D: I’m going through my head, “oh no, not again”. That’s what’s going through my head.
T: Are you worried about the safety of your children?
D: Yeah, I am, because of the belief that it’s not right to talk to anyone like that, not even a dog… I can recall a lot of times I’d go inside and, um, as soon as she knew I was home, the usual pattern was for her to transfer the yelling from the children to me, and blame me, you know.
T: So you’re being blamed for what the children have done.
D: Yeah. And I’m not there.
T: Okay. So keep on going. You’ve just come in through the door, she’s been yelling at M., and you said she transfers [it] to you. What’s she saying?
D: She’s saying “it’s all your effing fault, you’ve got it made, you’re not here all day, you don’t have to put up with this shit”, ra-ra-ra.
T: What have you said? Have you said anything as you’ve come in through the door?
D: Nothing. Nothing.
T: You’ve literally come in through the door and you haven’t
D: Yeah. Yeah.
T: So she’s heard you come in, she’s been yelling at M.. What has M. been doing, do you know?
D: He may not have packed up some of his toys on the bedroom floor or… he might have made a mess in the kitchen.
T: This is a four-year old.
D: A four-year old.
T: So you haven’t said anything as you’ve come in through the door. She’s yelling at him, and then she immediately transfers the yelling to you. So she’s saying “it’s all your effing fault”. Can you see this? – can probably see it all too clearly now, right? Describe what’s going on.
D: Usually… I try one of two things: I either approach her and ask her to calm down – you know, just say, look, this isn’t called for – and she will either break down and cry, and she that’s she’s sorry, or she’ll get worse.
T: So what happens when she breaks down and cries? What do you do when she breaks down and cries?
D: I comfort her, put my arms around her, put her head on my shoulders, and try to listen to why she is upset.
T: Why is she upset?
D: Basically because she cannot cope.
T: Is she going for any help for this at this time?
T: So she thinks she’s got to do it all on her own?
D: Well, she believed that everything was everybody else’s fault… still does. Nothing was her fault.
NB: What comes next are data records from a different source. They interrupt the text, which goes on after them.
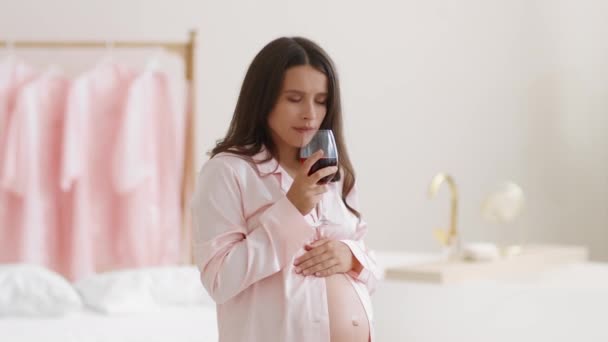 Pregnancy Alcohol Young Pregnant Woman Pajamas Smelling Red Wine Glass — Stockvideo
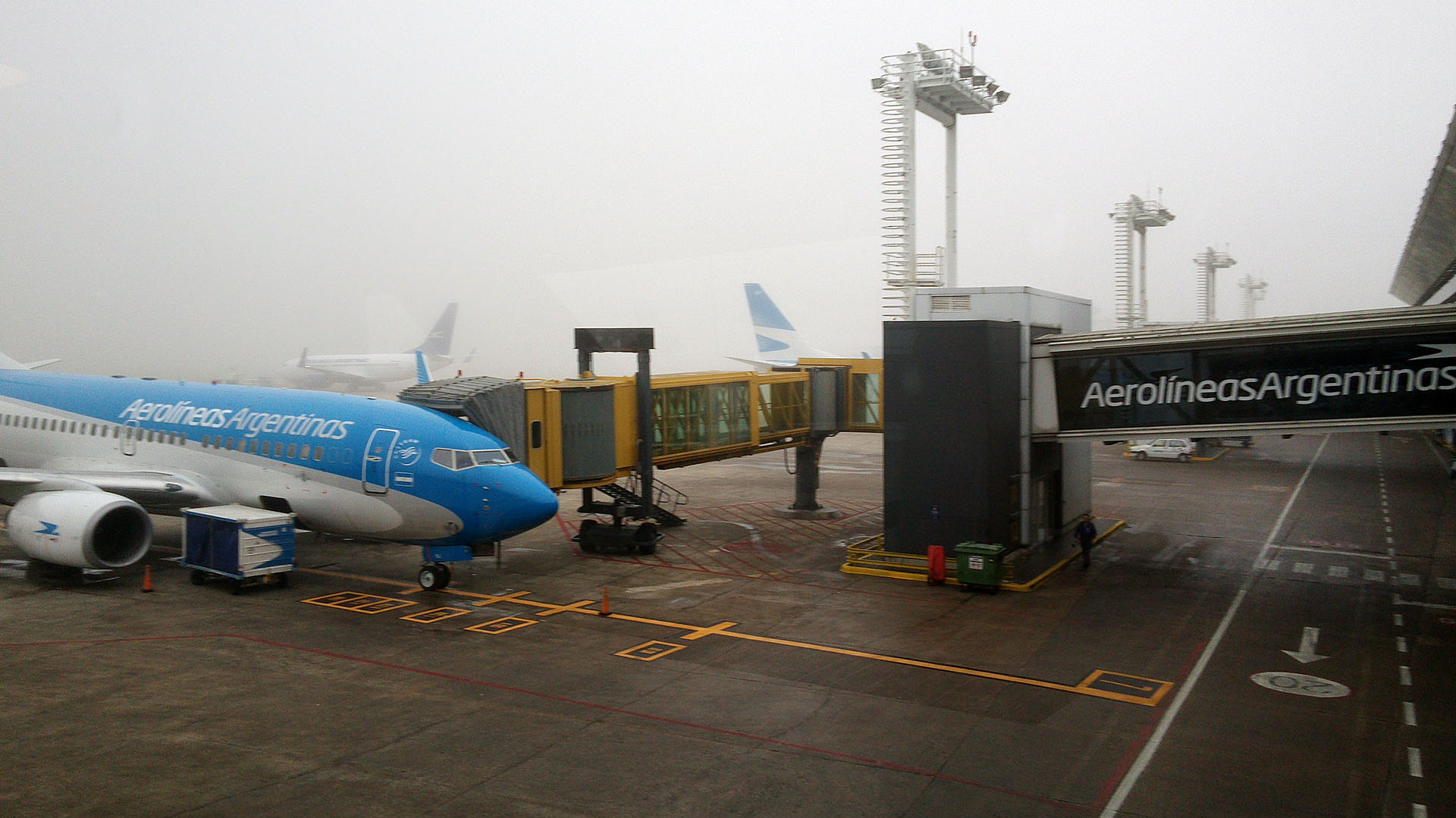 El clima generó trastornos para los pasajeros esta mañana. (Foto Archivo: NA)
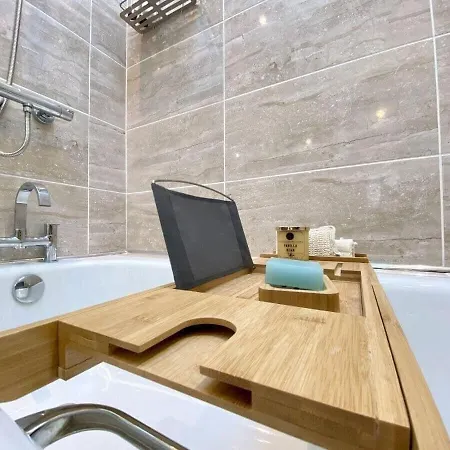 Chic Clifton - Inviting Decor & Outdoor Space Bristol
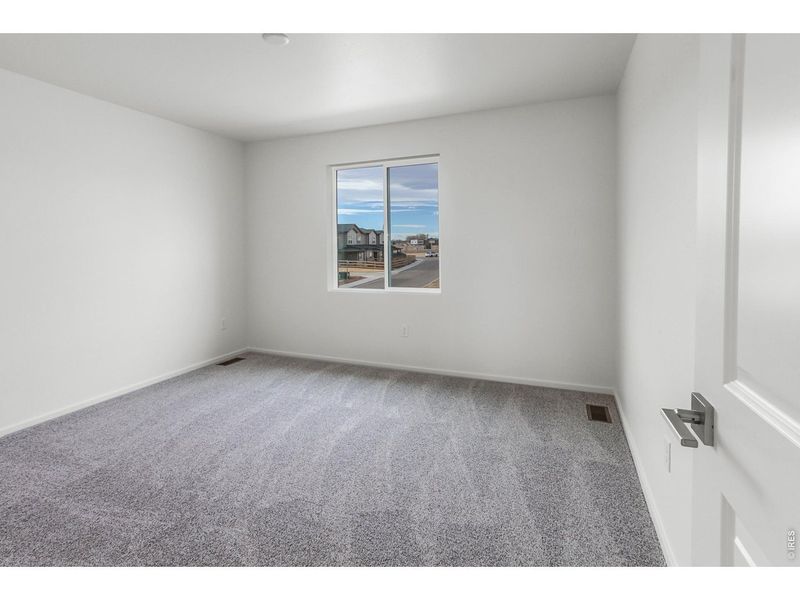 Spacious, unfurnished interior of a new home in , Timnath (Image 17).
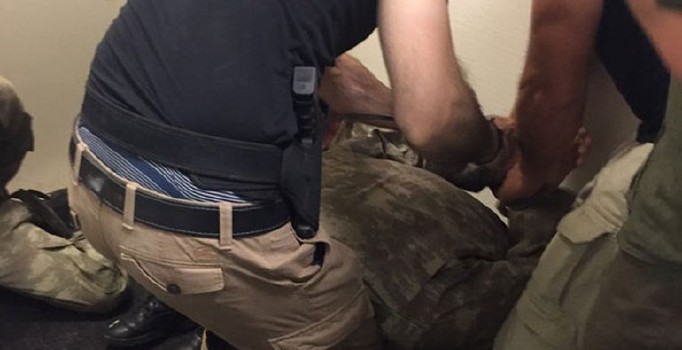 SON DAKİKA! Jandarma Genel Komutanlığı'nda 16 darbeci asker öldürüldü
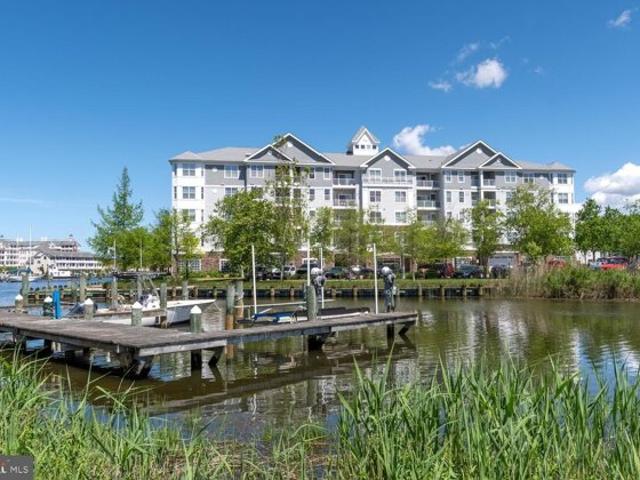 Condo for sale in Cambridge Condo for sale in Cambridge
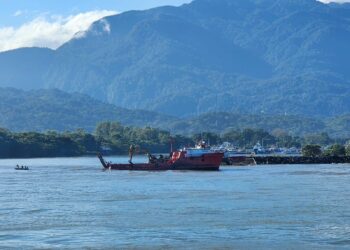 Trabajos en el Muelle de cabotaje continua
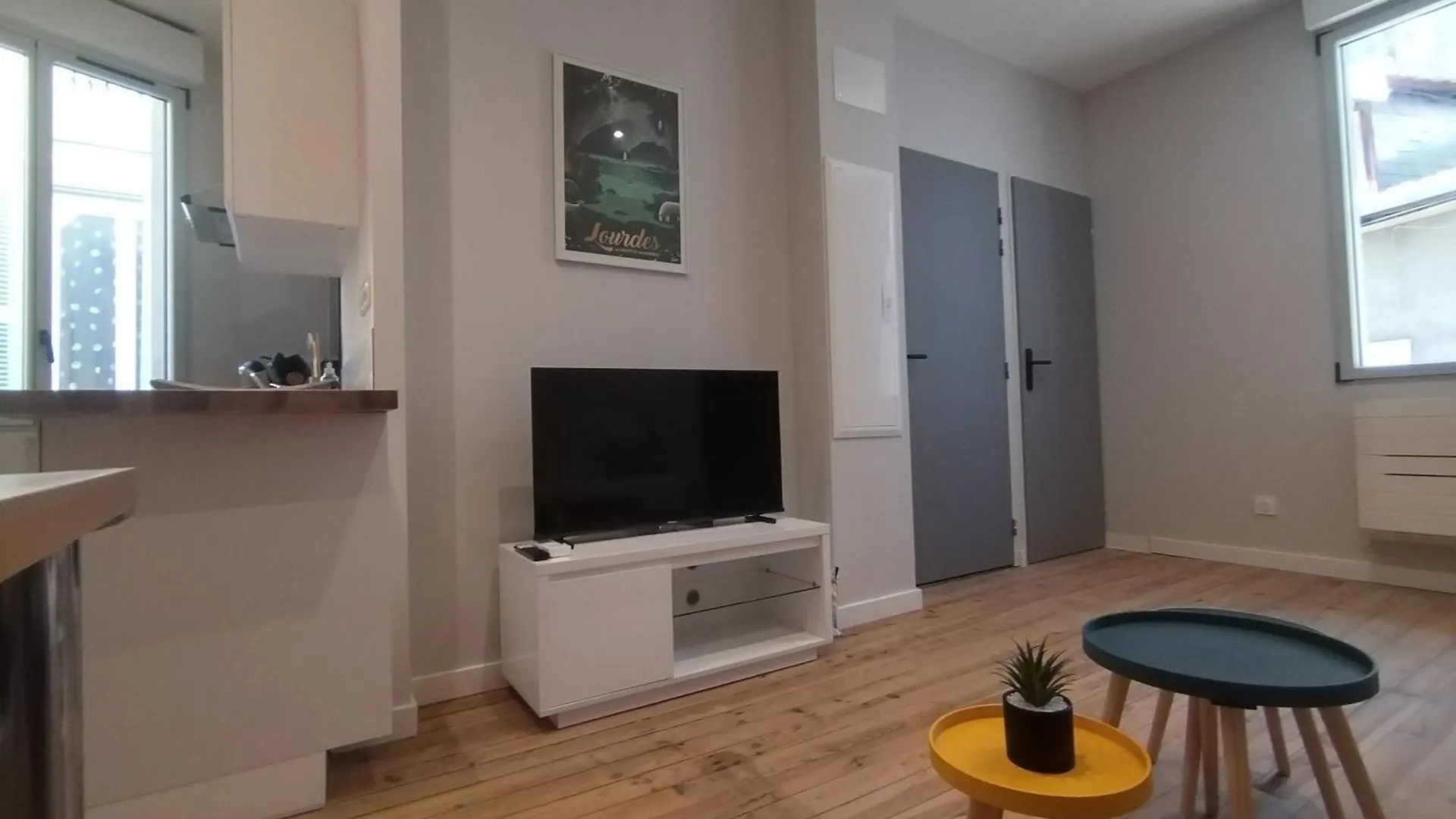 Appartements Avec Garage Prive - Latre Location Λούρδη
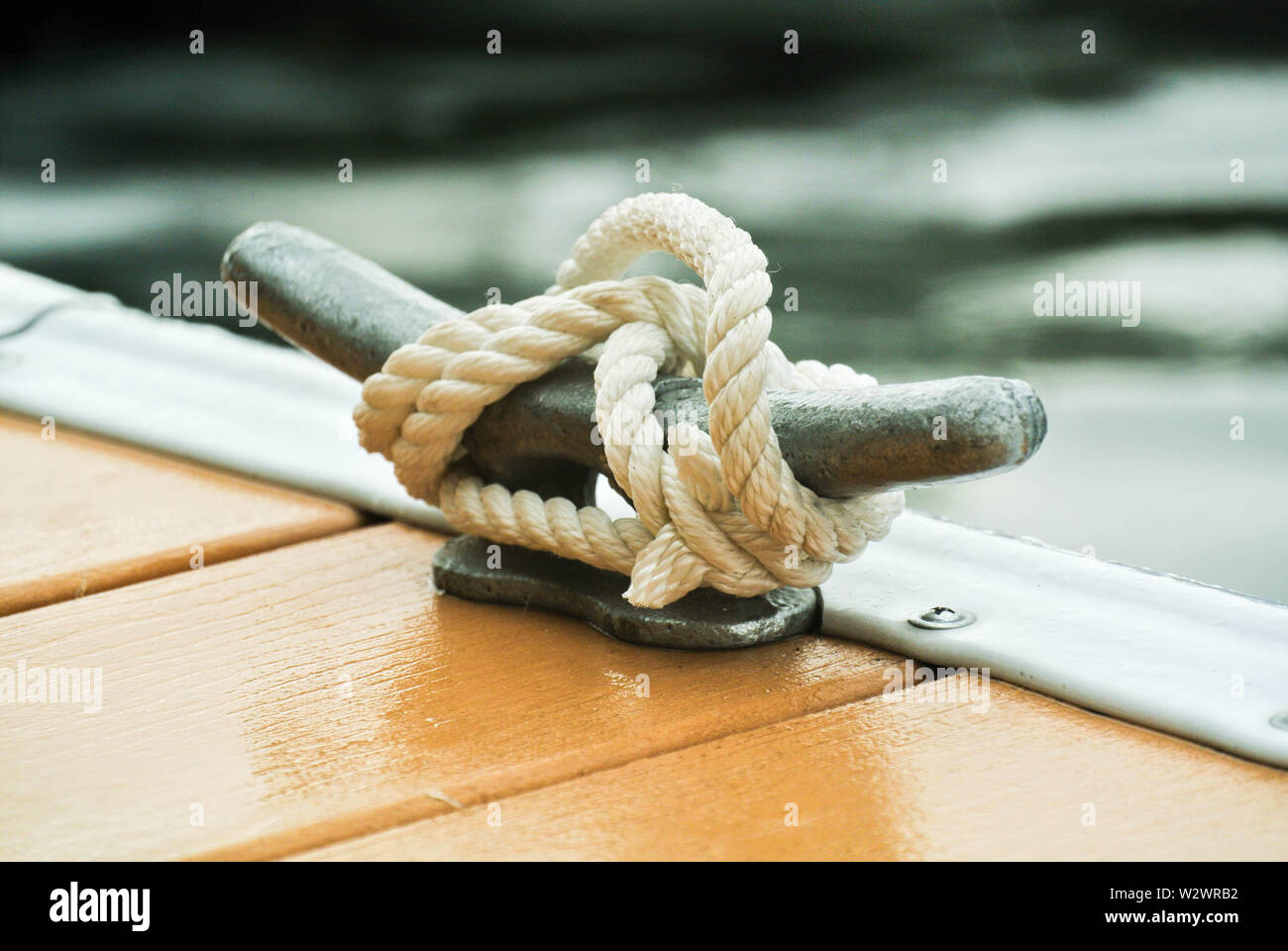 Eine Verankerungsklamotte auf einem Bootsliegeplatz Stockfoto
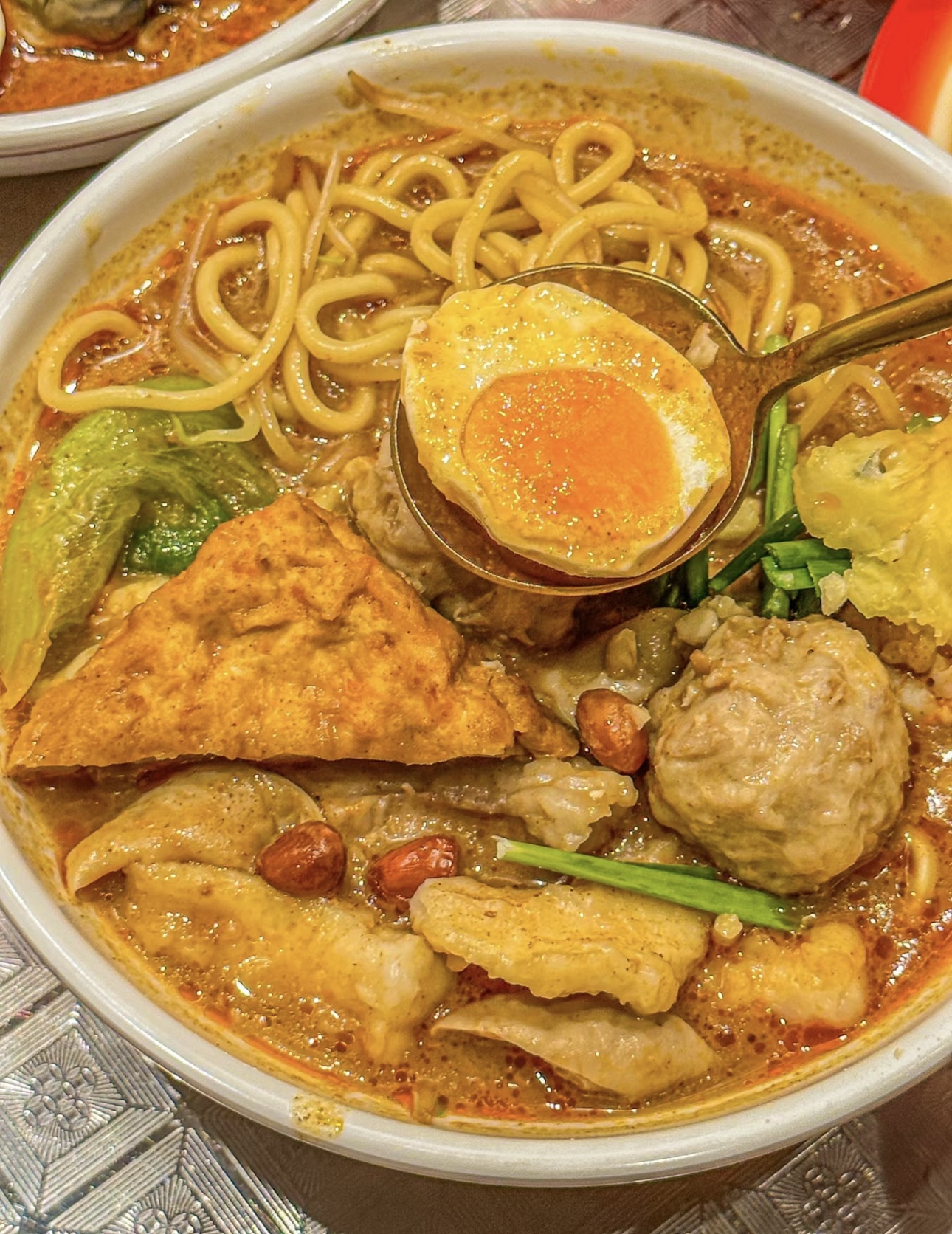 沙茶面，一碗汇聚了丰富食材的美味。金黄的 配图3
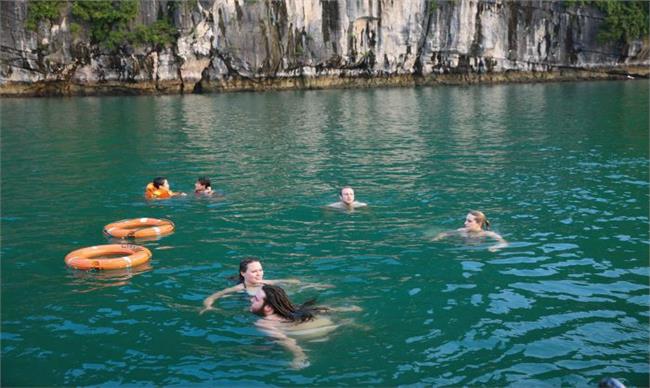 Swimming in Ba Trai Dao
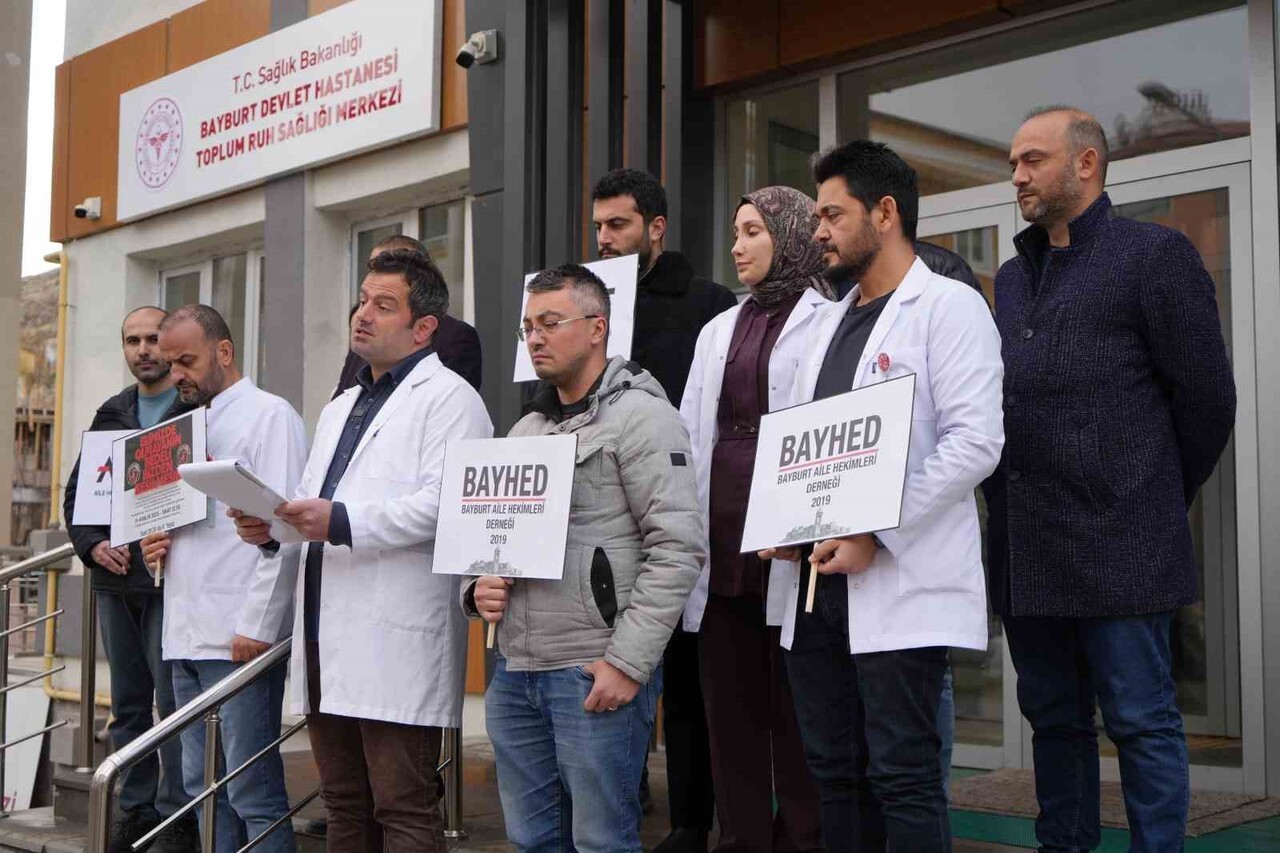 BAYBURT’TA AİLE HEKİMLERİNDEN ÜCRET KESİNTİLERİNE VE İŞ YÜKÜNE TEPKİ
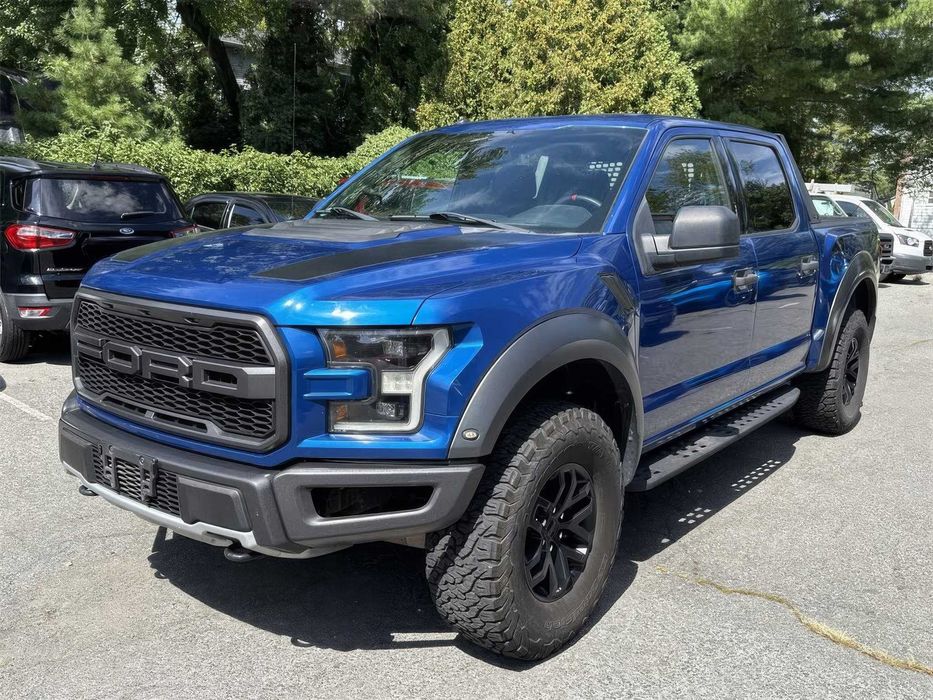 Ford F-150 Raptor SuperCrew      2017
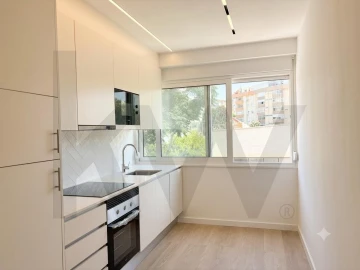 Apartamento T1 para Venda em Oeiras e São Julião da Barra, Paço de Arcos e Caxias
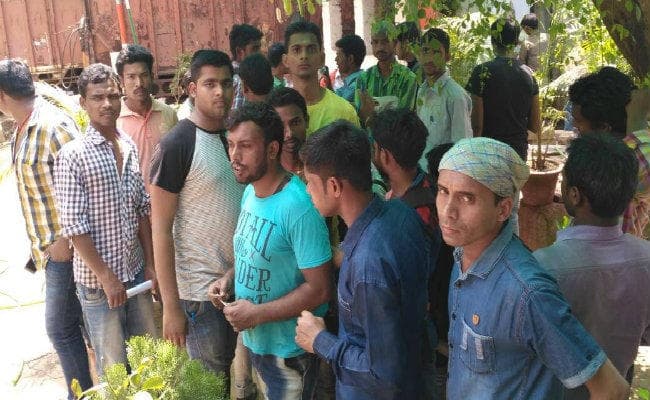 जमशेदपुर : परीक्षा में नहीं शामिल हो सके छात्र, किया हंगामा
It was all my fault, or it was my children’s fault, or it was someone else’s fault, but never hers.
T: So her method of coping is to say it’s somebody else’s fault.
D: Yeah. She could never, ever accept responsibility for anything which happened in her life, whether it be good or bad.
T: Good or bad? So not good as well… so she ‘doesn’t deserve’ anything either.
D: She’ll take praise! and she’ll walk around with her head held high, but she won’t acknowledge it.
T: So in other words she’s not receiving – she’s taking it, but she’s not receiving, if you can see the difference in this sense. So going back then, you would comfort her when she bursts out crying. Take the other scenario, where you said she gets worse. What’s happening?
D: What’s happening? I’m saying, “come on M., let’s get out of here”.
T: Right, so you’re saying you’re going to take the child out. You said she’s getting worse – what I’m saying is you said she’s getting worse, what does ‘getting worse’ look like?
D: Sometimes turning really red, like [laughs] the colour of that cover there. Swearing. And just screaming, that loud, that even if you turned the stereo up flat out you’d still hear her over the stereo. You can’t get a word in, it’s just impossible.
T: Do you raise your voice, to try to yell over her?
D: At some points, yeah.
T: In each of those incidents?
D: No, not all the time. In //..//…
T: So what are you saying to her?
D: “For Christ’s sake calm down! It’s just not worth it! Give it up! What are you upset about?!”
T: So you said she gets worse, but you said sometimes she’s throwing things at you or whatever. So is that what’s happening in this particular circumstance?
D: No, in this particular circumstance my son and I go down the garden, down the back yard, and we hide from her.
T: You both hide from her.
T: How do you hide from, if you’re just down the garden, how do you hide from someone who’s really quite big. Do you have… I mean, how do you hide from someone?
D: Well, we were hiding behind the sweet-corn patch, you know, in the garden, it was about three, four feet high, sweet-corn, we was hiding behind that, you know? And she comes out into the back yard, and screaming and swearing at the top of her lungs still, y’know, and all the neighbours…
T: What’s she saying?
D: “You’re an effing arsehole, you’re an effing cunt, ra-ra-ra”, just full-on, verbal abuse.
T: What state is M. in at this point?
D: He’s a nervous wreck.
T: No, in that particular circumstance, you’re at the other side of the sweet-corn patch…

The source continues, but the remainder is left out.